Just how overbought is the U.S. stock market? For starters, the Russell 2000 Small Cap Index has just hit the most extreme overbought level in over 14 years. On the 20-year daily chart below, I added a line at the 82 level on the RSI 14, which is one of, if not the most commonly used momentum indicators to measure how overbought or oversold an index or security is at any given time. Readings of 70 or more indicate overbought conditions while readings of 30 or below indicate that the security or index is oversold. (click on the charts below to expand & display in high-resolution)
Dashed vertical lines have been added on the chart above at each tag of the rarely seen 82 extreme level, which is shown by the uppermost horizontal line. The corrections on the previous 4 extreme readings shown on that chart range from about 13% to 47%, with the last 82+ reading back in June of 2003. As with nearly all extreme RSI readings, corrections either ensue immediately or following a second, lower but still overbought (70+) reading in relative close proximity which forms negative divergence between price & the RSI.
Moving to the other end of the market cap spectrum of the ‘risk-on’ indexes, we can see that the Nasdaq 100 large cap index also has a clear history of corrections following the rare extreme overbought readings of 82 on the daily RSI 14. In fact, the $NDX has only seen such rare extremes a total of 6 times in over the past two decades with two of those extreme 82+ readings (1/3rd) coming just recently in 2017 as what I often refer to as “double-tap” overbought readings; two overbought reading in close proximity with the 2nd overbought reading usually slightly lower than the first (thereby forming negative divergence). In fact, the divergence since the first extreme (82+) overbought reading in the $NDX early this year is still forming (expanding) as the RSI values continue to fall while the index values have continued to rise. The divergences currently in place between the Nasdaq 100 & the RSI are now the largest on record for the index, even exceeding the steep divergences that preceded the dot.com bubble market top in March of 2000, which was followed by a drop of over 80%.

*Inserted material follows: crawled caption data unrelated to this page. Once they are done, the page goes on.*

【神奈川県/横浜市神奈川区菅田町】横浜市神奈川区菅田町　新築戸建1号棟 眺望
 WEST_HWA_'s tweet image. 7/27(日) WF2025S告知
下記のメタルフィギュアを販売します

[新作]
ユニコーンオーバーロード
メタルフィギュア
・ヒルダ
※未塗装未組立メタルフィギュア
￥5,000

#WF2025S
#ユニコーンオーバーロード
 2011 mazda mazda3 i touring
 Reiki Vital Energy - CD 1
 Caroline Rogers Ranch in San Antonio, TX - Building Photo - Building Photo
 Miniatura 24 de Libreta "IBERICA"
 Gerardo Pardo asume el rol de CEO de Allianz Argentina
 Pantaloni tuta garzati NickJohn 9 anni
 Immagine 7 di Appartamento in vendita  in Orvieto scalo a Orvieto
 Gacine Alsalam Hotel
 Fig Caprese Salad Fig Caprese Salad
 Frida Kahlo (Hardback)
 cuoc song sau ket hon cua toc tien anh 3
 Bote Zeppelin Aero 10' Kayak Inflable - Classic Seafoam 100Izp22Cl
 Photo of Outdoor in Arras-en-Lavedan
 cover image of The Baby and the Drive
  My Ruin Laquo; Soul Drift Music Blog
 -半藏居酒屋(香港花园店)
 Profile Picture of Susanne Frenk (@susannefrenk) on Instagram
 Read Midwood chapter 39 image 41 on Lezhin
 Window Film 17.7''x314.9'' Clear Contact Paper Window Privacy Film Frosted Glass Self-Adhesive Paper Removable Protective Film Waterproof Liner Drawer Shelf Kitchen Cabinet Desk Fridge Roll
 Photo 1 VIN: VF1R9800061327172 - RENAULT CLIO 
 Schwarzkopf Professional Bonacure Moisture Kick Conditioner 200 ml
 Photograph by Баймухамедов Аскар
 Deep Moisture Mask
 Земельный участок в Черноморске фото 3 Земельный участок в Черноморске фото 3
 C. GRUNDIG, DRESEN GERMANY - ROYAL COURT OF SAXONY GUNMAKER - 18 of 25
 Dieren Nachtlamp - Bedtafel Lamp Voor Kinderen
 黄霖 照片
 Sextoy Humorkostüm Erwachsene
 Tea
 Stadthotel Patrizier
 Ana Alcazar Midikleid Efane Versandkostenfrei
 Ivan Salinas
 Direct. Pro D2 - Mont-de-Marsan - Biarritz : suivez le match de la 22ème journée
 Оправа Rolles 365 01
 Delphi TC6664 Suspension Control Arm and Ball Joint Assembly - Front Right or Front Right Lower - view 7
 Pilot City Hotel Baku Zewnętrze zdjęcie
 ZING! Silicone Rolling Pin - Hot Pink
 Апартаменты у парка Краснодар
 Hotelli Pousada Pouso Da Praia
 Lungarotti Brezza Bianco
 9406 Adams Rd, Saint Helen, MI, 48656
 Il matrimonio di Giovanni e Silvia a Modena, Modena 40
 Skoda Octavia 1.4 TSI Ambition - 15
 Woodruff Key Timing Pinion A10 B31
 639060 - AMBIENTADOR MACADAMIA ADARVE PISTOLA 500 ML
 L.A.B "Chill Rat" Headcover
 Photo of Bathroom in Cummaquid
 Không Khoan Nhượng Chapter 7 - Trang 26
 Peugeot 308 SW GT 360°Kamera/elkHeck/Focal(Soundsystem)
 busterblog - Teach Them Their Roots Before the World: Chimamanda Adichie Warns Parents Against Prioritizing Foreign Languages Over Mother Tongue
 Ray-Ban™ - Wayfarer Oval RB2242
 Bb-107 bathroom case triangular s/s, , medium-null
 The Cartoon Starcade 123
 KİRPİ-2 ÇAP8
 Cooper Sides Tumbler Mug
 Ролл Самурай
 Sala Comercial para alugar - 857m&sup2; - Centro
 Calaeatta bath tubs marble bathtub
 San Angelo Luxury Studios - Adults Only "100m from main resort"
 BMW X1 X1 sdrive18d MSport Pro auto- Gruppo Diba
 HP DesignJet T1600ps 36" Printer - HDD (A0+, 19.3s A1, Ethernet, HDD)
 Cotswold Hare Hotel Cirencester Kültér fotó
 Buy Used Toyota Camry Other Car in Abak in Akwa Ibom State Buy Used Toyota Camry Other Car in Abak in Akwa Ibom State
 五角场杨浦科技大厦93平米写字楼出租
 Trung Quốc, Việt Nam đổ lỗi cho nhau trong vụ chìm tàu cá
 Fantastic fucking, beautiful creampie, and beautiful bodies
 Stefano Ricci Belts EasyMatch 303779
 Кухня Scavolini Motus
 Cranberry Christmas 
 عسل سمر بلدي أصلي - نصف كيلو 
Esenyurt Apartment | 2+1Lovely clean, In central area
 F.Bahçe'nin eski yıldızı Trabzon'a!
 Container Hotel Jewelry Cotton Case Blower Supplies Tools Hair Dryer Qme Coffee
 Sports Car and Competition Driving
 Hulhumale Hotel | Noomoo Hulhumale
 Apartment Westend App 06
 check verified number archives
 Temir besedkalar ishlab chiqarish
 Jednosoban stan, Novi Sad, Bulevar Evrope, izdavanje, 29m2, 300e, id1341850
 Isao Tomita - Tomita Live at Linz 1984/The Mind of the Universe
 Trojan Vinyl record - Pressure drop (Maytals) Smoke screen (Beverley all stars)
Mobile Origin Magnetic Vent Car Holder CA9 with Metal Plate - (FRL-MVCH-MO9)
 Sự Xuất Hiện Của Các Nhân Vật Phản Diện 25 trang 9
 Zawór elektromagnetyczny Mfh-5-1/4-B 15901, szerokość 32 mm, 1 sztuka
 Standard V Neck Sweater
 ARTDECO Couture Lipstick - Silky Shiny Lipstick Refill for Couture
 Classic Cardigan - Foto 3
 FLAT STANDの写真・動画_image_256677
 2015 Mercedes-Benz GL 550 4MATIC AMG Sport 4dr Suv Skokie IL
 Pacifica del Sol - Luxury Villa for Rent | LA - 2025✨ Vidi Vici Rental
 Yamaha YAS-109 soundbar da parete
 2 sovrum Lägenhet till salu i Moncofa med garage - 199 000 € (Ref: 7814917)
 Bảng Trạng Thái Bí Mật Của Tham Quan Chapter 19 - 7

As I often say, divergences as well as overbought conditions, especially during a bull market, are not sell signals, merely an indication of a likely trend reversal. That trend reversal could come in the form of a relatively mild pullback, correction or a more lasting trend reversal. Various factors go in to estimating the likely magnitude of the reversal & it is typically the scope of divergence along with other factors that can help gauge just how deep the next drop in the market will be.
With divergences & overbought conditions mainly used as a “heads up” that a reversal is coming, we then look for high probability sell signals in order to position accordingly. A break & daily close below both of these bearish rising wedge patterns on SPY & QQQ will be about as good a sell signal on the broad markets as it gets IMO. Until then, I will continue to focus on trading the most bullish & bearish sectors & individual stocks while the broad markets slowly grinds higher within these wedges from the sector rotation within it.